17. Recessed angle cut muzzle crown
18. Wilson mags with steel ultrathin base plates
19. Full wolff sring set
20. Slide flats trued and polished, the rest of the gun bead blasted
So, what are the problems that I see with the classic 1911:
1. Ejection port
2. Unsupported chamber
3. Frame feed ramp
4. Original plain grip safety
5. Spur hammer
6. Recoil spring plug
7. Barrel bushing (plus and minus on that one)
8. Stock safety
9. Stock slide stop release
10. ANY Grip safety at all (plus and minus on that one)
11. Overly sensitive to mag springs
12. Overly sensitive to all the other springs too
13. Non-existent sights
Actually, most of those aren't really THAT big deal... but there is one thing that is the WORST feature of the 1911...
The internal tension spring extractor
The internal extractor has caused more serious problems for more users than anything other than bad magazines (which I don't blame on the design really, and which are a problem for ALL auto pistols).
Even an otherwise perfect 1911 can become unreliable after a few hundred rounds of "bad" ammo, that can detension the extractor.
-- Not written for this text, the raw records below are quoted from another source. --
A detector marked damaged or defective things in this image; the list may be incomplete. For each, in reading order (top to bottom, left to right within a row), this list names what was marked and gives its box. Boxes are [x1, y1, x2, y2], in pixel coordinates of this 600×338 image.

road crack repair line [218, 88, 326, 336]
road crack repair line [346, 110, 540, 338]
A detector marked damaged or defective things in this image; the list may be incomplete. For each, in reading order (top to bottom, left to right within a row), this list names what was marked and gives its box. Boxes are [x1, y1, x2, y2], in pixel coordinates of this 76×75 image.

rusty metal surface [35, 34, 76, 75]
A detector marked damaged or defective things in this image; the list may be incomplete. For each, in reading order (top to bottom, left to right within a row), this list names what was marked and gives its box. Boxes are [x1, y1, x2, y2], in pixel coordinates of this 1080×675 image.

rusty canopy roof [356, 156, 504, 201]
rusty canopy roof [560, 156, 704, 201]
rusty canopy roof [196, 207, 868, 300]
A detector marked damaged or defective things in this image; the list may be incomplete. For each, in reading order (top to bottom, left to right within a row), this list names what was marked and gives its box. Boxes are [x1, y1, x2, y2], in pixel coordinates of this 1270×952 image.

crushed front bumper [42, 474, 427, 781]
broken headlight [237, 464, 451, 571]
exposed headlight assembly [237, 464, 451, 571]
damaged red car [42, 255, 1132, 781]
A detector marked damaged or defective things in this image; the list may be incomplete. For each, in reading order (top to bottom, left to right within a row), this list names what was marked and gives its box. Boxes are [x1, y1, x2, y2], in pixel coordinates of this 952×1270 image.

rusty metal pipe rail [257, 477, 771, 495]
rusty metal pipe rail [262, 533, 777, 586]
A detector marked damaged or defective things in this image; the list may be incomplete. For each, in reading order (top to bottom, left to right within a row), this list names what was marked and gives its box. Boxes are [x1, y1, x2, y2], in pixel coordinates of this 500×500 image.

In fact even an Ed Brown hardcore extractor (about the toughest and highest end you can get) can be detensioned by just 20-50 rounds of ammo thats rim is too thick, too hard, or extracts just a little bit wrong.
You do it to yourself even faster if you drop the slide on a chambered round.
Generally speaking, the strategy in dealing with this HAS been to get a good heavy duty extractor, tension it properly, then tune it up every few thousand rounds.
In the last few years though, Kimber, S&W and others have started producing external extractor 1911's (with varying degrees of success. Kimber mostly unsuccessful, SIG, ParaOrdnance, and S&W successful). That really is the proper solution to this issue; because it doesnt need regular retuning, and it isn't subject to metal fatigue etc...
Actually extraction and ejection issues are probably the most serious issues for ANY auto pistol, but just about every other design has moved to an external extractor. Sometimes "they" are right, and god forbid, John Moses Browning was wrong (actually HE thought the extractor was the weak point too).